Na medida em que envelhecemos, estes sentimentos infantis que geram
disputas tendem a ser superados, ou ao contrário, podem nos dominar e
serem reproduzidos nas mais diversas formas de relacionamentos adultos.
Nesse caso, nem sempre a idade adulta cronológica é sinônimo de
maturidade psicológica.
Em Abel não havia maldade ou algum desejo de usurpar o que era de Caim.
O irmão mais novo só queria o seu espaço. Deus se agradava de Abel:
Abel, por sua vez, trouxe das primícias do seu rebanho e da gordura
deste. Agradou-se o SENHOR de Abel e de sua oferta; (Gn 4.4).
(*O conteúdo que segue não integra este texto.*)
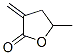 5-Methyl-3-methylene-dihydro-furan-2-one Structure,62873-16-9Structure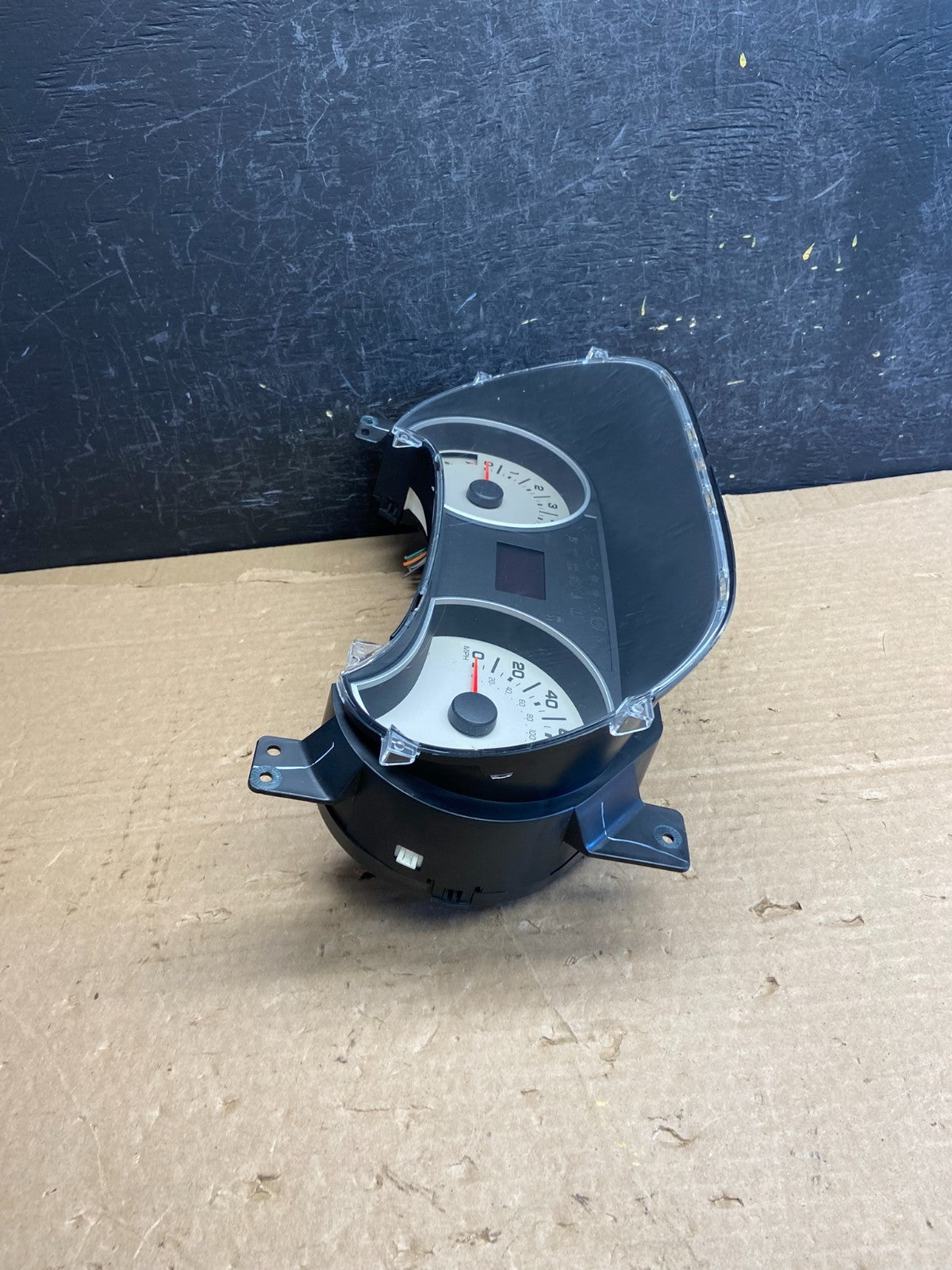 2006 Ford Explorer Speedometer Cluster Gauge AF2652 DG2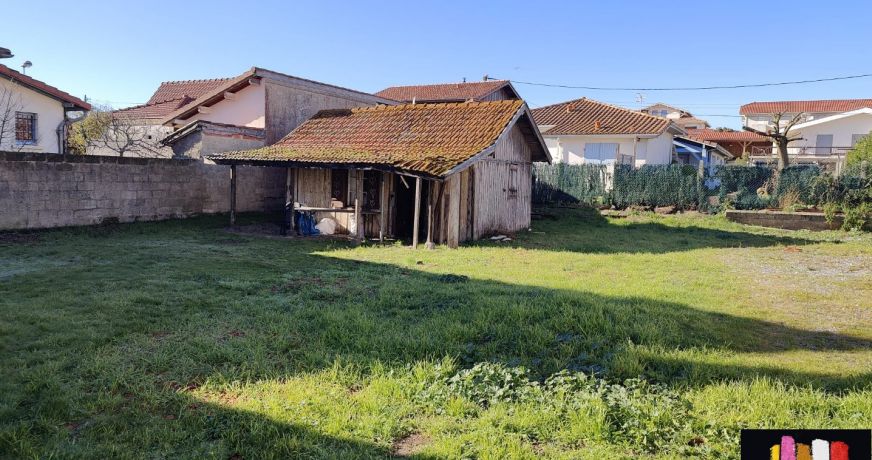 vente Maison et terrain Mimizan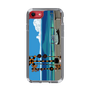 Slim Protection Case［ Studio Alec Shonan Story - Three-Wheeled Vehicle and Horizon ］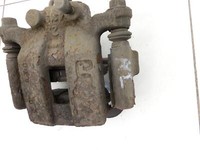 Nissan Qashqai J10 +2 10-13 1,6i 86KW Bremssattel Bremszange Hinten Links Nissan Qashqai J10 +2 10-13 22.03.2011... Vorschau 5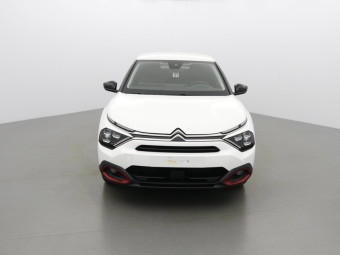 CITROEN C4 FEEL PACK 130 HDI EAT8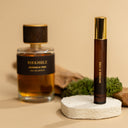 Incense N' Fire 10 ml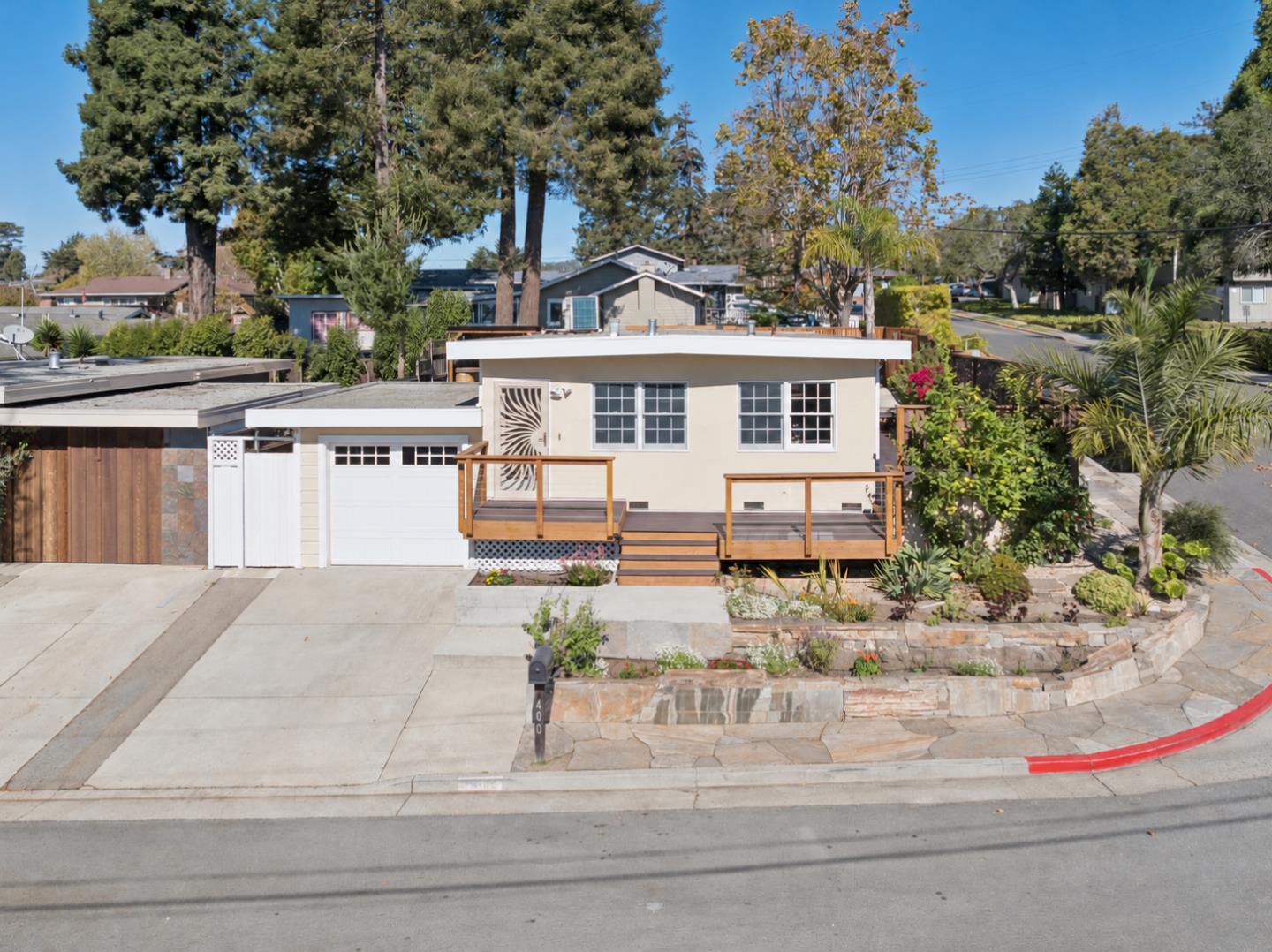 400 Pine St, Capitola, CA 95010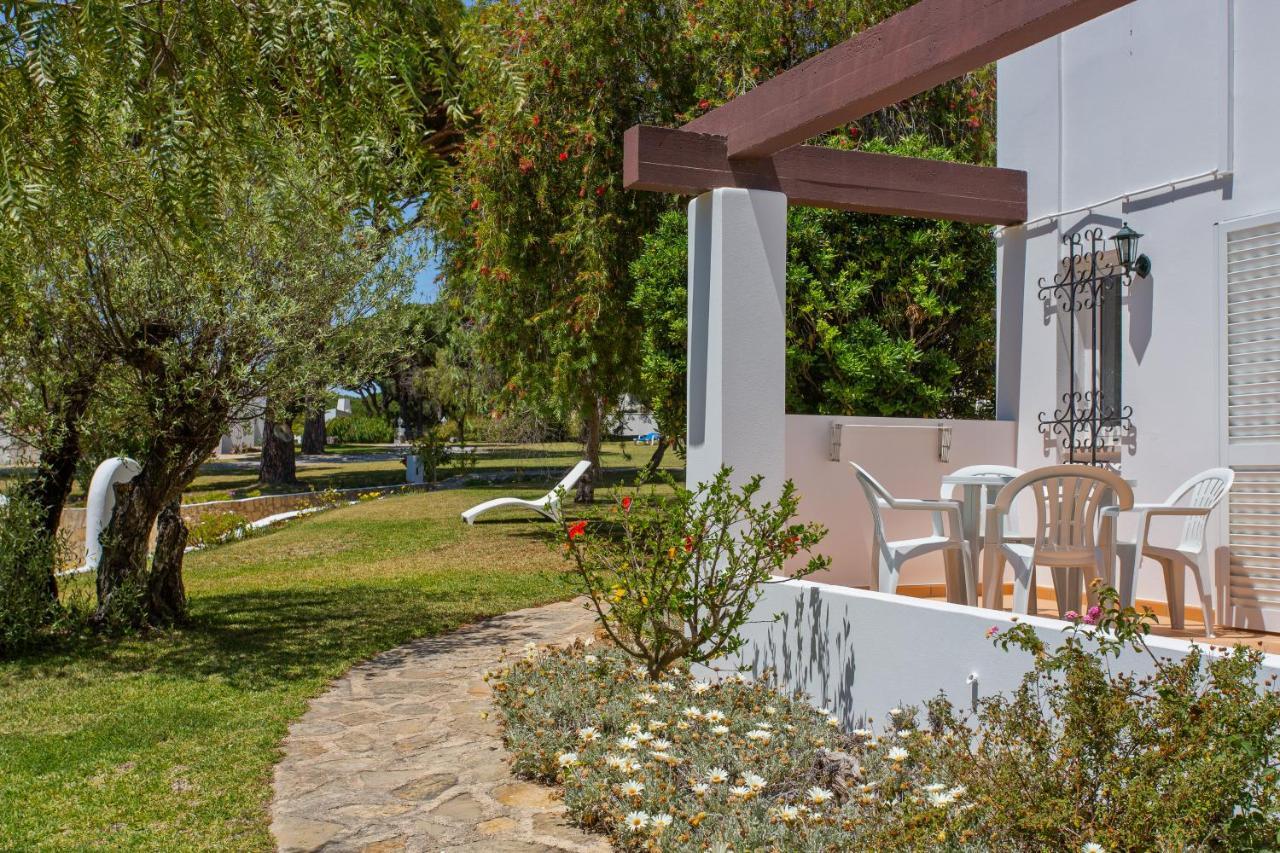 Prado Villas Vilamoura Exteriör bild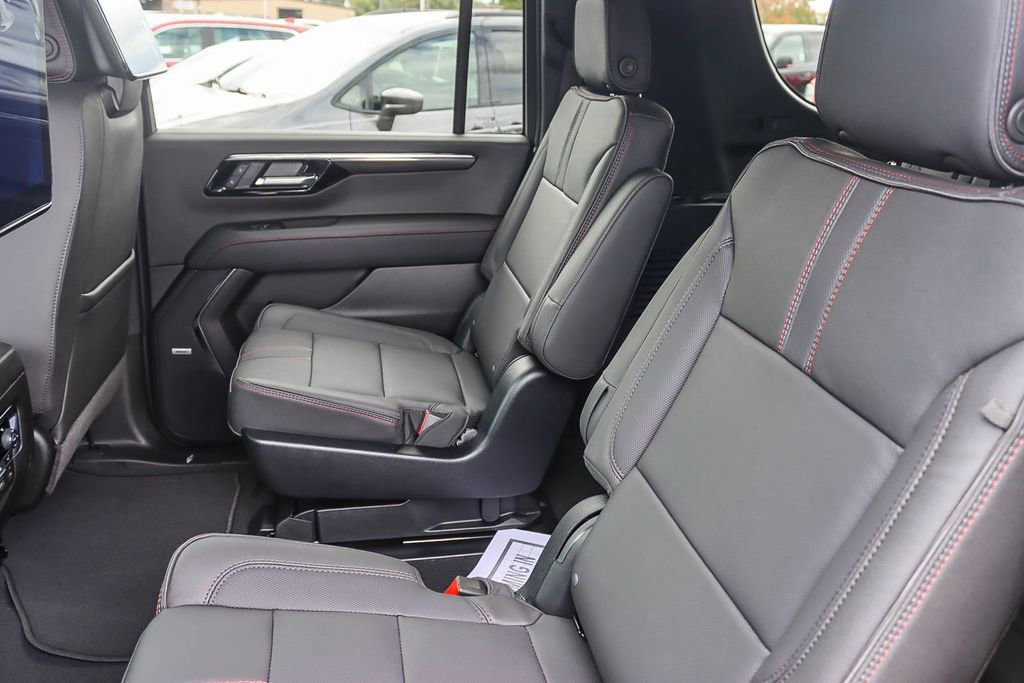 New 2026 Chevrolet Suburban RST w/ Advanced Technology Package image 17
Caim ganhava anos de vida, mas seus sentimentos e emoções permaneceram
os mesmos da infância, sempre lutando por aquilo que entendia ter sido
roubado ou tomado por seu irmão. Deus, em razão disso, não se agradava
de Caim:
[...] ao passo que de Caim e de sua oferta não se agradou. Irou-se,
pois, sobremaneira, Caim, e descaiu-lhe o semblante. Então, lhe disse o
SENHOR: Por que andas irado, e por que descaiu o teu semblante? Se
procederes bem, não é certo que serás aceito? Se, todavia, procederes
mal, eis que o pecado jaz à porta; o seu desejo será contra ti, mas a ti
cumpre dominá-lo. (Gn 4.5-7).
No colo, no peito e nos braços da mãe há lugar para todos os filhos.
A atenção, a proteção e a provisão do pai, da mesma maneira, são também
suficientes para todos. Mesmo em tempos de escassez, os pais tratam de
dividir com os filhos tudo por igual. O ciúme e a rivalidade alimentados
por Caim culminaram com um sentimento e um ato homicida (Gn 4.8).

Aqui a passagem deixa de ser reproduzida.